Although the data below contains pictures, output only the lines between those holding "3GNAXHEV3LS680323 2020 CHEVROLET" and "Ανδρικό γκρι φούτερ", inclusive, exactly and without those pictures.

--- Data excerpts ---
┌────────
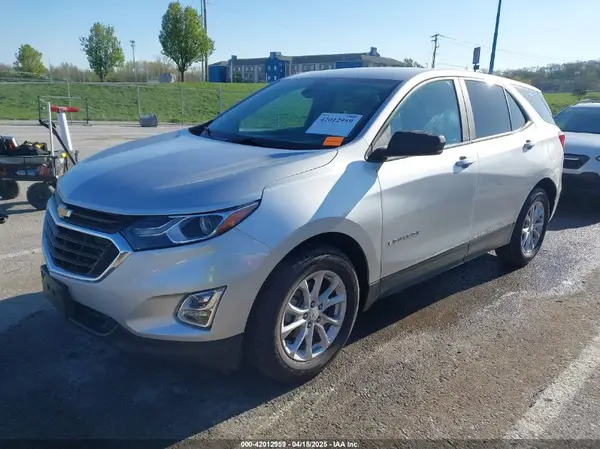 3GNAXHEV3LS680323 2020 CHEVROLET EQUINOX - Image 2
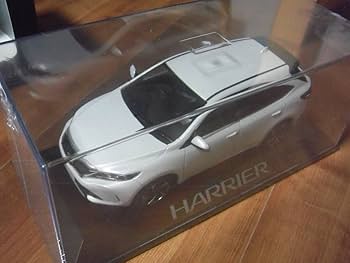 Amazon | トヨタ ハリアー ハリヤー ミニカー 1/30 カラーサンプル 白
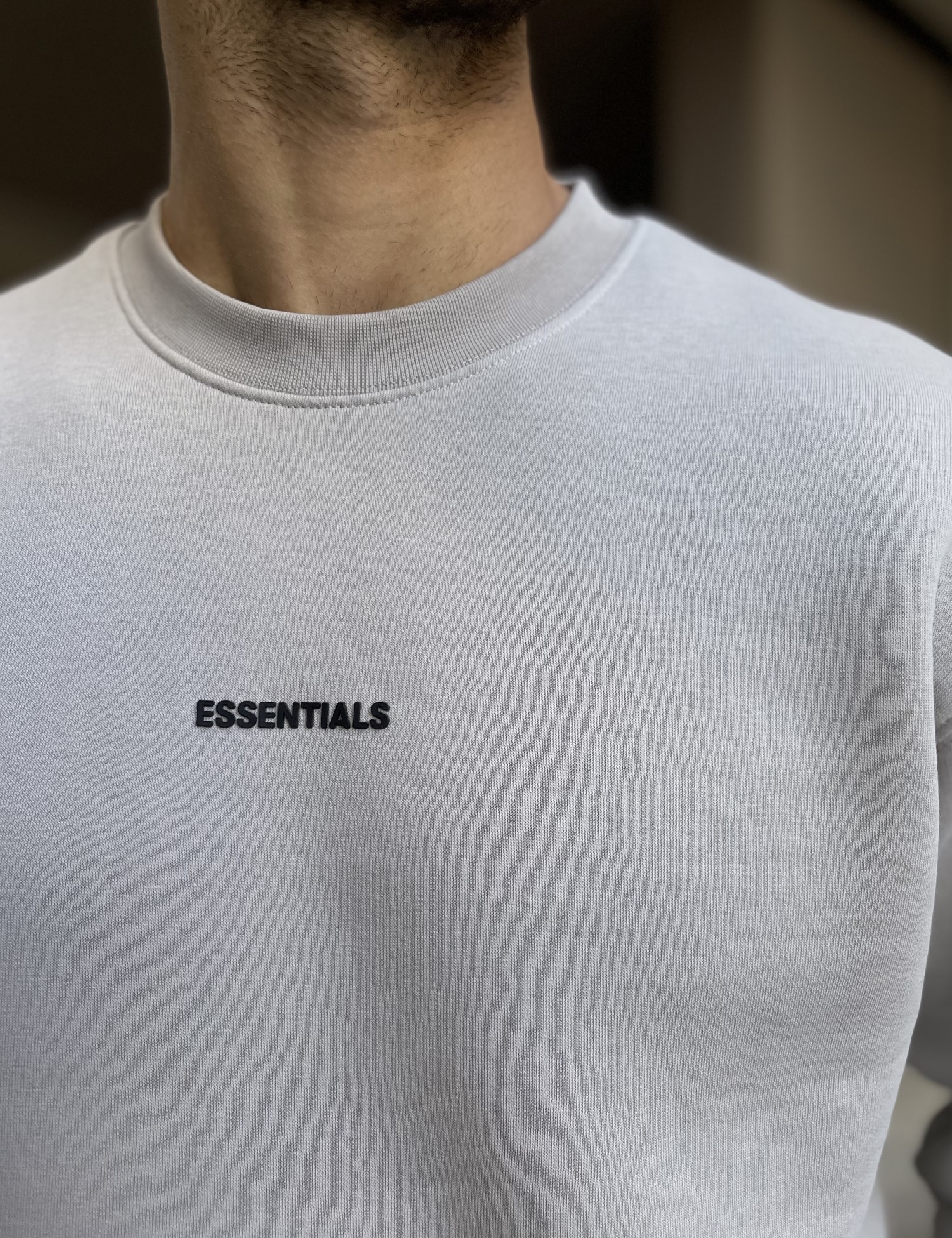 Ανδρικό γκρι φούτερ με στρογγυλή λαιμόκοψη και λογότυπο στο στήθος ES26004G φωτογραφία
└────────
┌────────
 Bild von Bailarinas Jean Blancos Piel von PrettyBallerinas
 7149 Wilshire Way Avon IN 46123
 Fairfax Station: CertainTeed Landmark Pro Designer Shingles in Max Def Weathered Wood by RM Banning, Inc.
└────────
┌────────
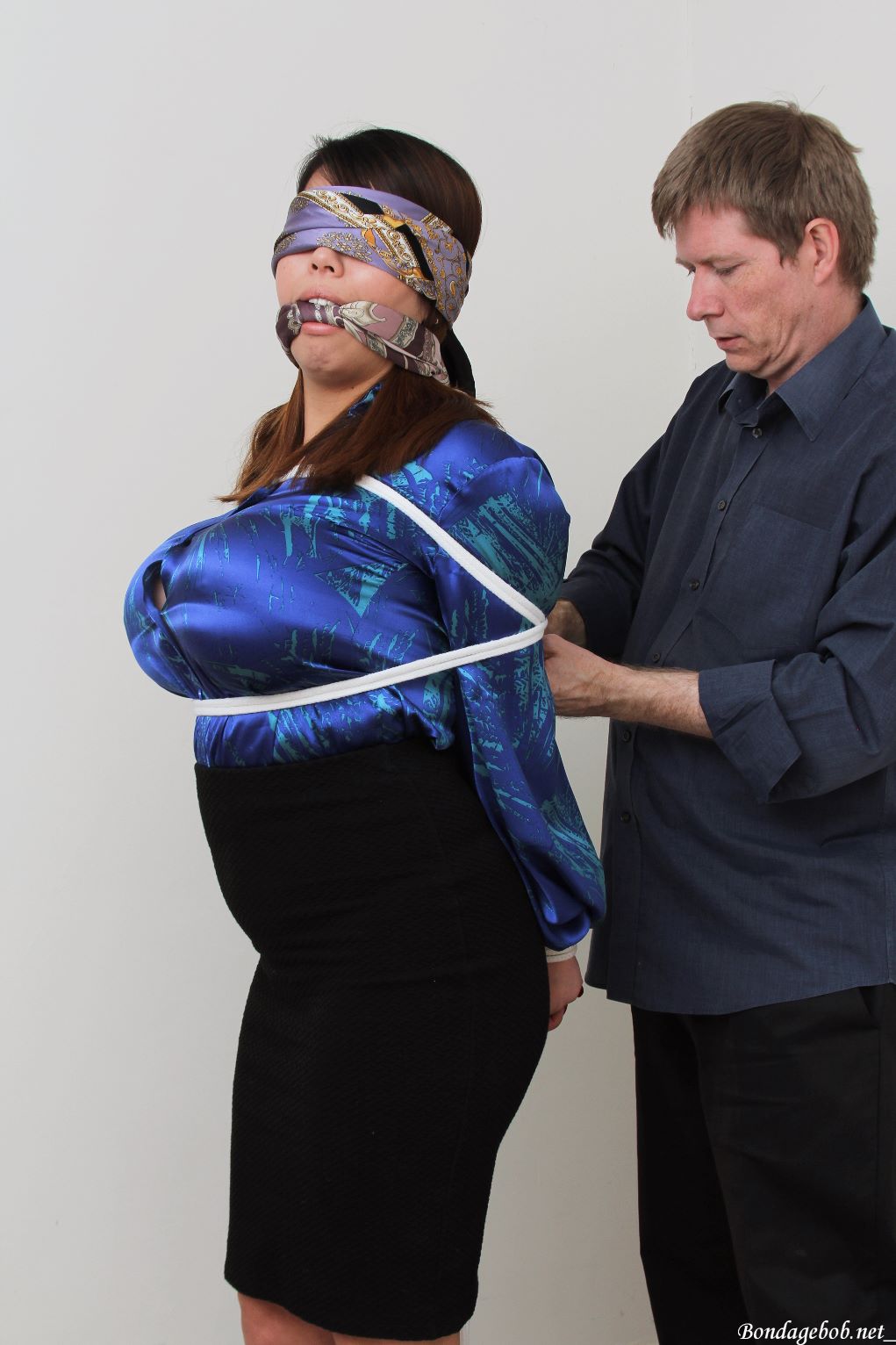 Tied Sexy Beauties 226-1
└────────
--- Solution to the problem ---
 3GNAXHEV3LS680323 2020 CHEVROLET EQUINOX - Image 2
 Amazon | トヨタ ハリアー ハリヤー ミニカー 1/30 カラーサンプル 白
 Ανδρικό γκρι φούτερ με στρογγυλή λαιμόκοψη και λογότυπο στο στήθος ES26004G φωτογραφία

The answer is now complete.